Nearly eight years after the terrorist attacks of September 11, construction continues on the Freedom Tower at Ground Zero. But a new report is warning that the project - already years behind schedule - could be delayed even further.
CBS Station WCBS correspondent Magee Hickey reports that the planned 1,776-foot soaring tower in the sky won't be finished until 2018 - 17 years after the 9/11 terrorist attacks.
In an exclusive report revealed in Tuesday's Daily News, the delay is cited in a confidential draft "risk analysis" prepared by the Lower Manhattan Construction Command Center, a government panel that reports to New York Governor David Paterson and New York City Mayor Michael Bloomberg.
According the report, delays are affecting not only the Freedom Tower but also the site's transportation hub, which also may not be ready until 2018.
The emotional centerpiece of the Ground Zero projects, the September 11 Memorial, could be two years behind its 2011 deadline.
The chief spokesman for the Port Authority of New York and New Jersey (the site's owner) strongly disputes the delay, reports Hickey, and said that they are on schedule to meet all the deadlines released last fall.
The possibility of yet another round of delays comes just as Governor Paterson gave developer Larry Silverstein an ultimatum in prolonged talks over Silverstein's lease to build three planned office towers, saying rebuilding at the 16-acre site could go ahead without him if necessary.
Silverstein, who held a 99-year lease on the World Trade Center site, retains development rights for the property.
Silverstein and the Port Authority have been at odds for months over how to pay for office towers at a time when there are no tenants on the horizon and no private financing available.
In a letter that outlined parts of old offers of partial financing for two of the towers, Paterson pressed the two sides to meet this week to work on resolving the dispute.
But the governor said he had told the site's owner, the Port Authority of New York and New Jersey, to start drawing up new plans so the agency could finish rebuilding the Sept. 11 memorial and other public projects regardless whether Silverstein completes his buildings.
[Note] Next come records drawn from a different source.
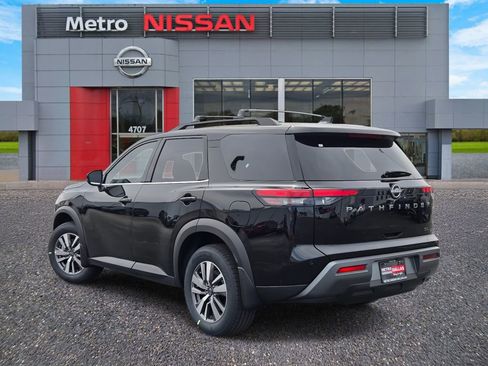 New 2026 Nissan Pathfinder SL FWD image 4
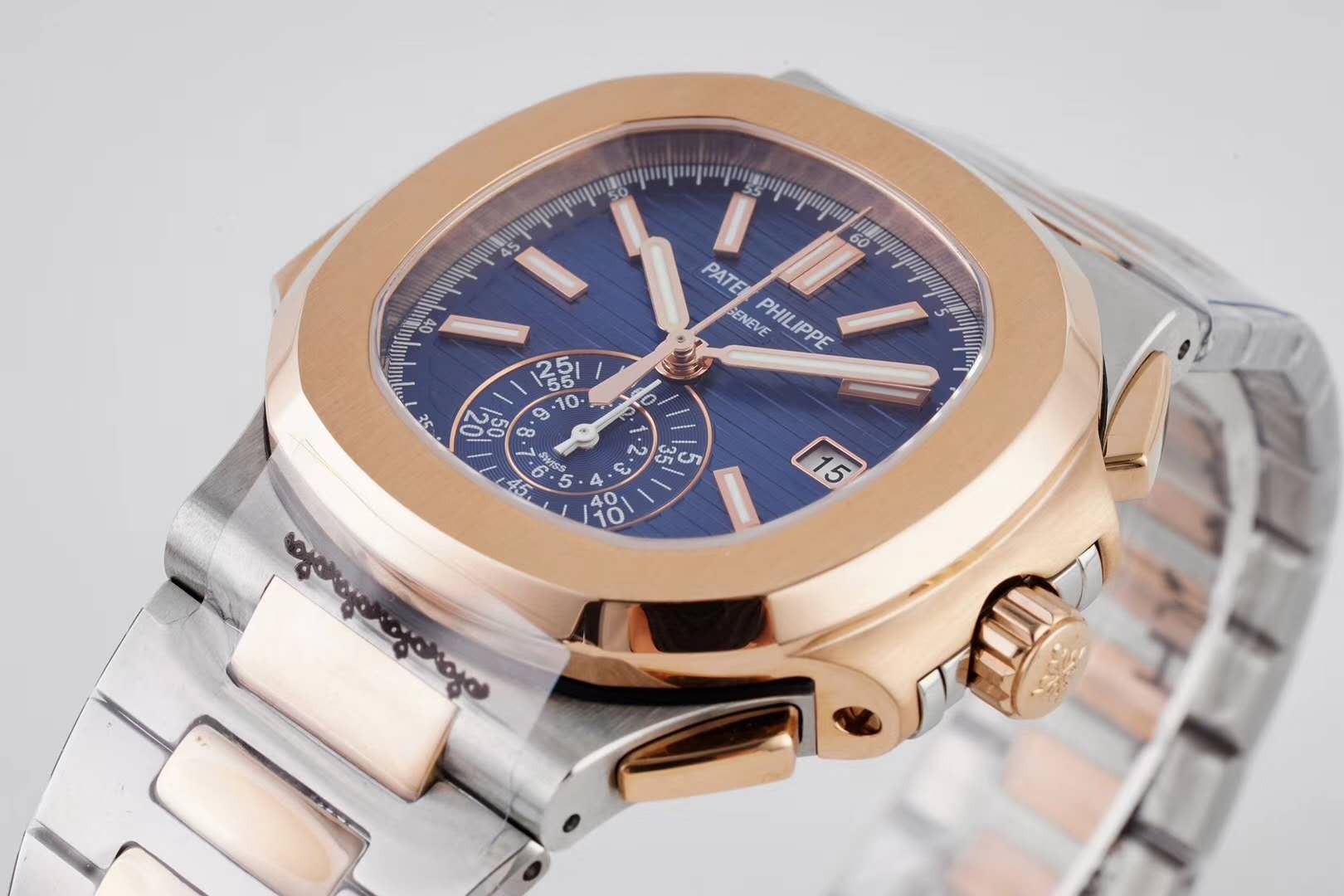 Nautilus Chronograph 5980/1AR in Steel and Rose Gold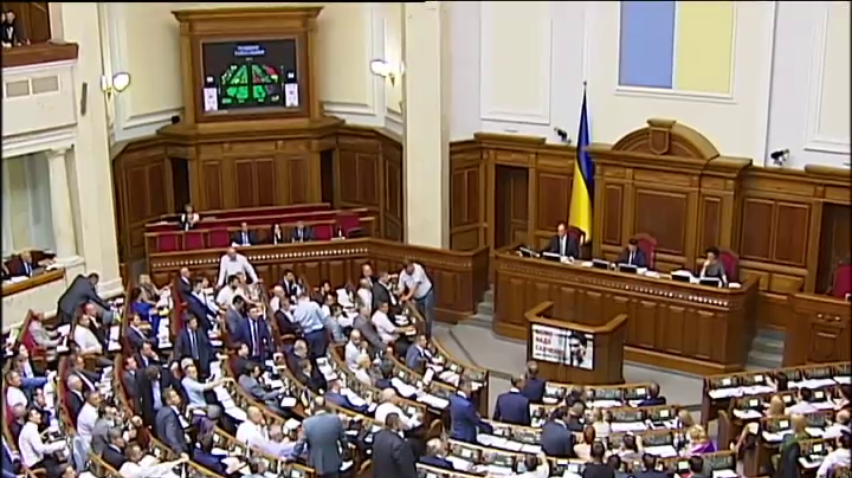 Порошенко назвав закон про кредити помилкою Парламенту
"This will ensure that, should you and the Port Authority not be able to reach an agreement, the site will no longer be subject to the fate of the real estate market or these negotiations," Paterson wrote.
Silverstein's camp expressed doubt that the governor's move would help, and Mayor Michael Bloomberg's administration and state Assembly Speaker Sheldon Silver said it would hurt.
"From the beginning, we've said both parties would have to compromise to avoid stalemate and further delays on the site," Bloomberg spokesman Andrew Brent said. "Unfortunately, today's proposal doesn't achieve that and would move us in the wrong direction."
The agency and Silverstein have negotiated for months - with Silverstein threatening to seek arbitration and interventions from top state lawmakers and meetings convened by Bloomberg going nowhere.
Silverstein has asked the Port Authority to guarantee more than $3 billion in financing to build two of his planned towers. He has been unable to obtain private financing in the tight real estate
market and has said the agency has delayed his construction schedule by falling behind on projects - including a vast, winged transit hub designed by Spanish architect Santiago Calatrava - that surround his.
Janno Lieber, who heads trade center construction for Silverstein, echoed those complaints Monday. He said Paterson's "ideas will not likely put us on a path" to building the two towers.
The agency has agreed to back one tower currently under construction and put up some money for a second tower, but only if Silverstein comes up with more than $600 million first.
The Port Authority has said that putting up more for the private venture would siphon money from other key projects, such as improvements to LaGuardia Airport and a new rail tunnel serving Pennsylvania Station.
The towers and the agency's projects are intertwined through underground utility infrastructure, as well as a vehicle security center, train tracks and streets that would connect the office towers and the memorial.